The company has been hit by weak U.S. fuel sales, which declined 3% year-over-year, as well as softer margins on refined product sales. The decline was primarily due to lower demand for jet fuel in the U.S., partly offset by higher demand for gasoline. Outside the U.S. was better, with refined product sales increasing 8% from the year-ago period primarily due to increased trading volumes.
Having made a profit of $1.15 billion in the same quarter a year ago, the downstream business this year lost $248 million in Fiscal Q4.
While downstream was weak, oil production was steady at 3.35 million barrels of oil equivalent per day as the upstream business posted earnings of $4.3 billion.
“In 2024, we delivered record production, returned record cash to shareholders and started up key growth projects,” said CEO Mike Wirth.

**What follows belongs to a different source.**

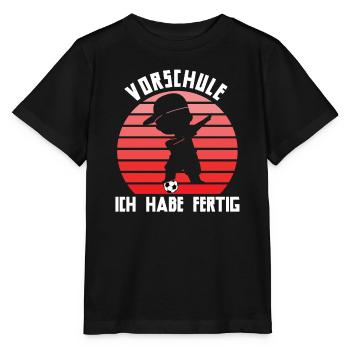 Vorschule Abschied Vorschule Schulanfang Geschenk - Stanley/Stella Kinder T-Shirt MINI CREATOR  - Schwarz - Vorne - Mikhail (115cm)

CVX Results Don’t Answer Everything
While the company hailed a record year, investors in CVX are seeking further clarity on a number of key topics. First is the acquisition of Hess (HES), which is going through a lengthy approval process and is still pending. A challenge by Exxon (XOM) and China’s CNOOC, which are Hess’s partners in Guyana, has delayed the planned megamerger, with a decision on the case expected by September.
The deal recently cleared a Federal Trade Commission antitrust review, with the final consent order barring Hess CEO John Hess from the CVX board over allegations he spoke with OPEC as it sought to reduce output.
Secondly, President Trump could hit its production in Venezuela, with the White House indicating the U.S. could halt crude imports from the country. It comes as the president said he wants to press ahead with 25% tariffs on Mexico and Canada on Saturday but indicated that there could be an exemption for oil exports from the two countries. In an interview with the Financial Times, Wirth said the company would lobby the White House to retain its Venezuela licence.
Third, there is some uncertainty about its plans to operate power plants.
Earlier this week CVX said it is teaming up with energy equipment maker GE Vernova (GEV) to build natural gas-fired power plants next to data centers, hoping to tap into surging AI energy needs. DeepSeek aside, this opens up a new revenue stream but will come with a degree of uncertainty.
Is CVX a Buy?
Overall, Wall Street has a Strong Buy consensus rating on CVX stock, based on 16 Buys and three Holds. The average CVX price target of $175.56 implies 12% upside from current levels, with the stock having risen 10% in the last 12 months.